DUBLIN — The Celtic Tiger is dead. Now its cubs are facing death by a thousand cuts, or "snips," to use the colloquial lexicon of post-boom Ireland.
Faced with a budget deficit of $8.5 billion this year, the government set up a board to establish where sweeping public spending cuts could be made. Known colloquially as An Bord Snip ("an bord" is Irish for "the board") it has, after months of deliberation, identified where the scissors should be wielded.

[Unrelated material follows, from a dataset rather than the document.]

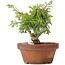 Juniperus chinensis Itoigawa, 17 cm, ± 8 jaar oud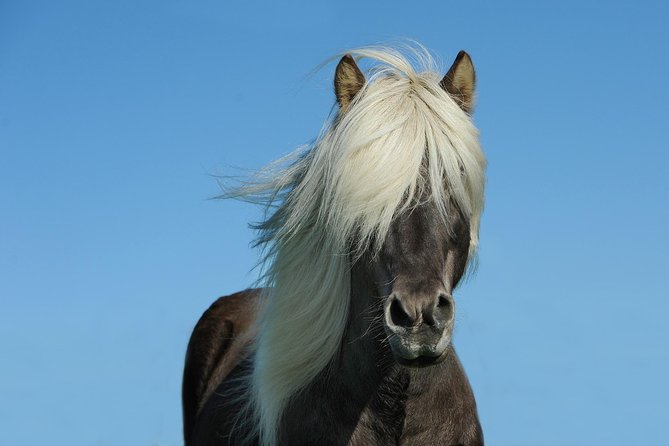Viking Horse Riding and Golden Circle Tour from Reykjavik - How the coach portion feels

Many government-funded bodies that lived well during the Celtic Tiger years — the period of rapid expansion that began in the mid-1990s and ended with the property crash of last year — are facing extinction. An Bord Snip’s targets for abolition range from the Department for Arts, Sports and Tourism to the Irish Film Board and the Army’s equestrian team. Among the most controversial of its recommendations are a reduction of welfare payments by 5 percent, which would bring savings of almost $1.4 billion and a cut in the child benefit that would save $710 million.
But almost every sector of society would feel the pain of the snips. Schools would have fewer teachers, art galleries and museums would start charging entrance fees, half the country’s police stations would be closed, some local governments would be abolished, several thousand civil servants would be paid off, potholes on country roads would be left unfilled and allowances for members of parliament would be slashed.
That last measure is about the only one popular with Irish voters, who generally blame politicians, bankers and property developers for the economic mess. The chairman of An Bord Snip, economist Colm McCarthy, even suggested abolition of the upper chamber of parliament, the Senate, dismissed by many as a talking shop (whose members love visiting the United States, where the title "senator" commands more respect than in Dublin).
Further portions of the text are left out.